Task goal -> The result should be the lines from the one that contains "السعر: __________300 (قابل للتفاوض)" to the final line of the entries below, copied exactly and with no pictures.
-------- Given entries
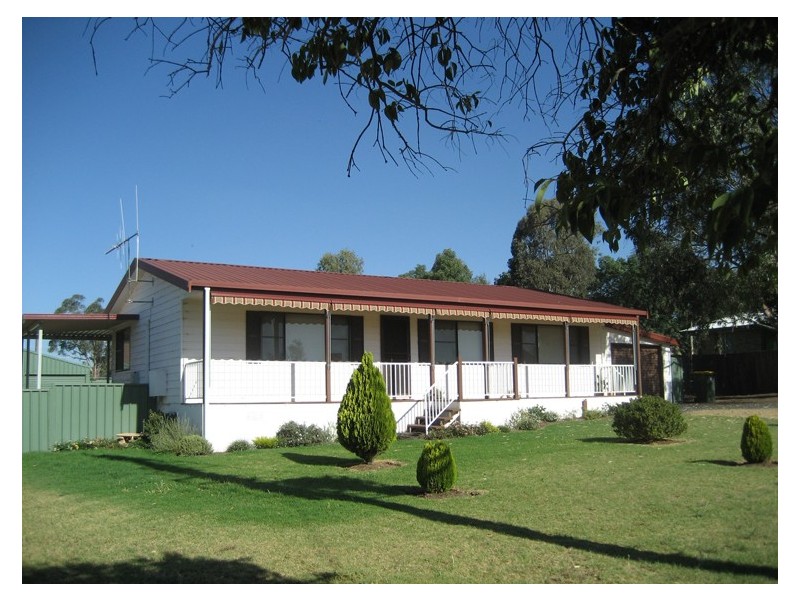 18 Flood Street, Cudal NSW 2864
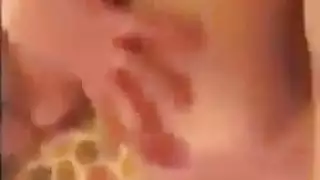 قبلات متبادل فنيان ساخنات نار مترجمة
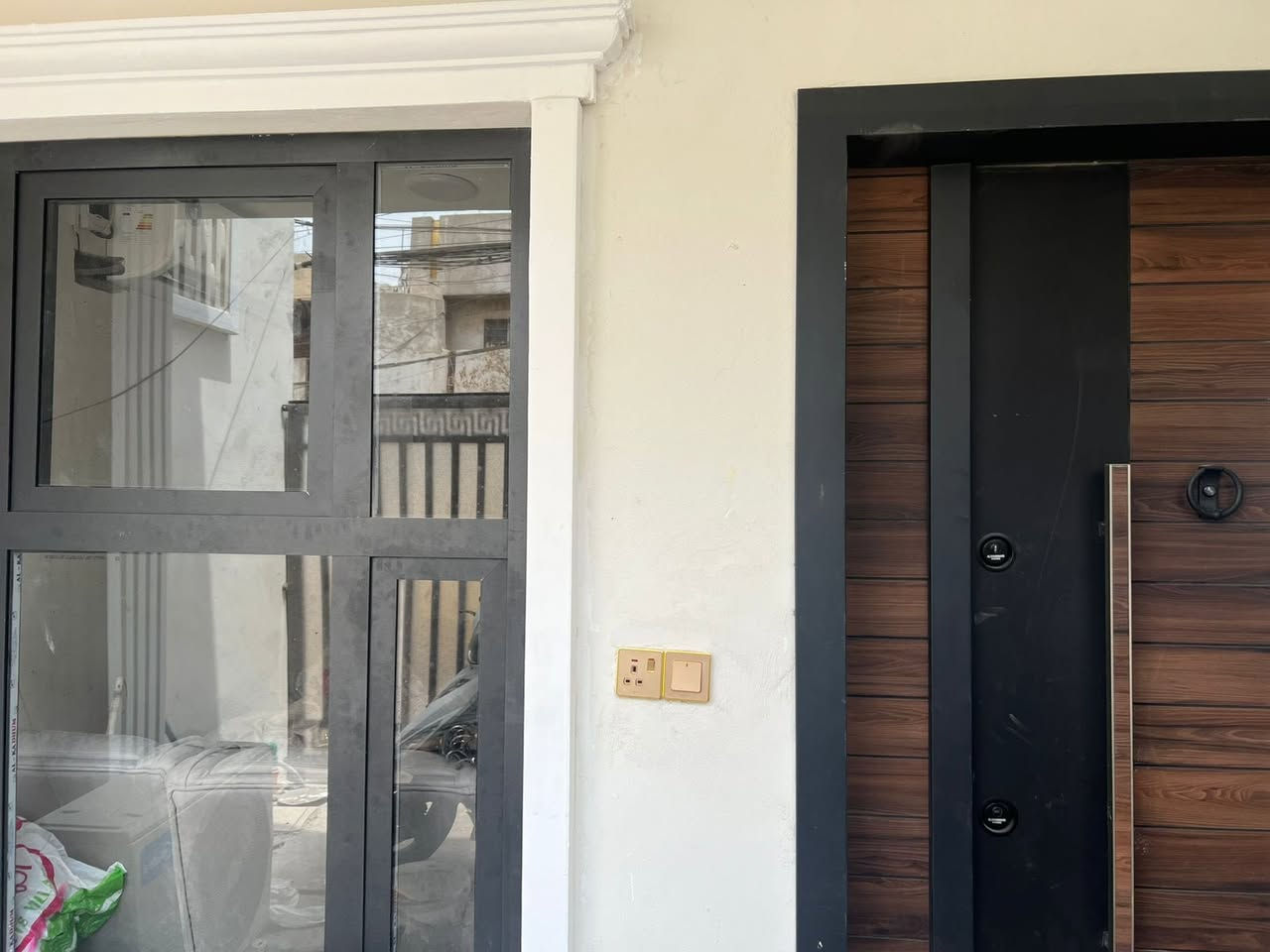 📍 الموقع: حي الزهور__________
📐 المساحة: __________88 متر
🛏 عدد الغرف: __________3 غرف
🚿 عدد الحمامات: _________2_
📄 نوع الملكية: طابو / 

🚗  طرمه

البيت مرتب وصالح للسكن
💰 السعر: __________300 (قابل للتفاوض)

📞 للجادين فقط
📱 رقم الهاتف: _________***********
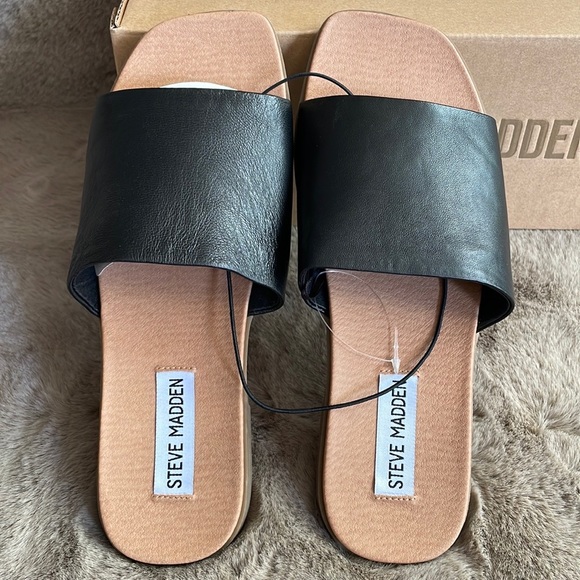 Steve Madden - Leather Sandals - Picture 4 of 7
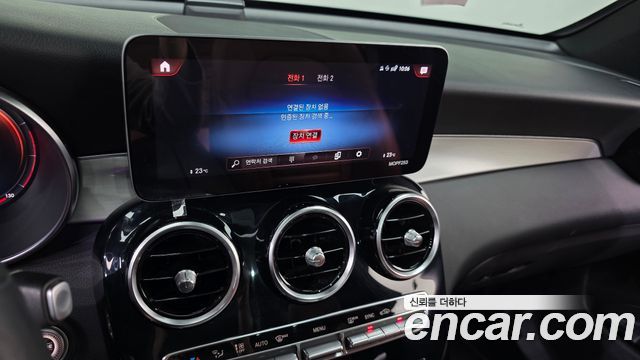 Mercedes-Benz GLC-Class (X253) GLC300 4MATIC Premium 2020 — фото 18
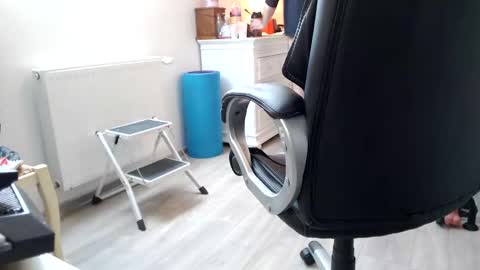 Vincent Vega online show from March 7, 2025, 2:45 pm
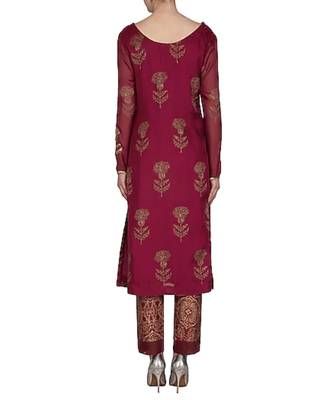 Show Shaa Barn Red SCOTTISH THISTLE KURTA SET 2
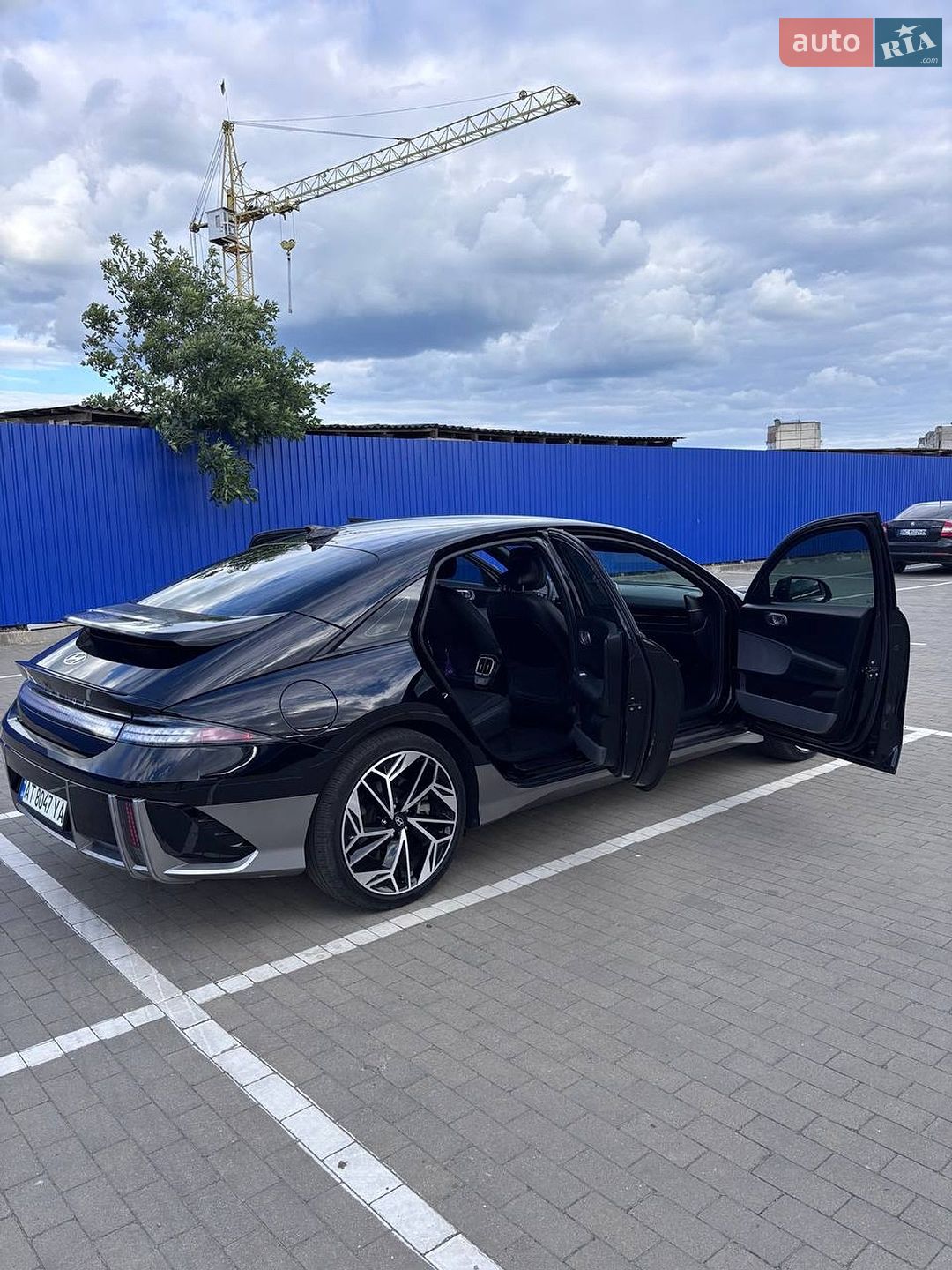 Hyundai Ioniq 6 2023 VIN KMHM34AC1PA019570 фото оголошення 19 з 57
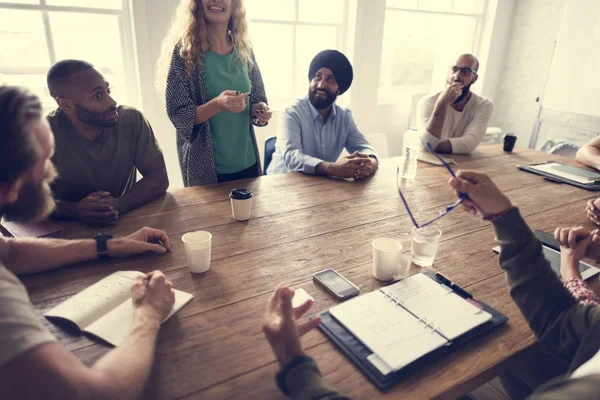 Groep van diversiteit mensen tijdens vergadering — Stockfoto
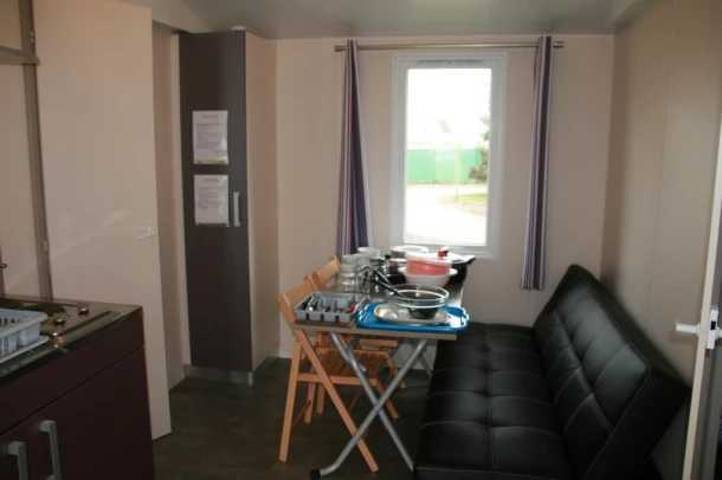 Mobil home pour 5 personnes, avec bassin pour enfant et sauna à Châteauroux - 4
----------------
Solution to the problem ->
💰 السعر: __________300 (قابل للتفاوض)

📞 للجادين فقط
📱 رقم الهاتف: _________***********
 Steve Madden - Leather Sandals - Picture 4 of 7
 Mercedes-Benz GLC-Class (X253) GLC300 4MATIC Premium 2020 — фото 18
 Vincent Vega online show from March 7, 2025, 2:45 pm
 Show Shaa Barn Red SCOTTISH THISTLE KURTA SET 2
 Hyundai Ioniq 6 2023 VIN KMHM34AC1PA019570 фото оголошення 19 з 57
 Groep van diversiteit mensen tijdens vergadering — Stockfoto
 Mobil home pour 5 personnes, avec bassin pour enfant et sauna à Châteauroux - 4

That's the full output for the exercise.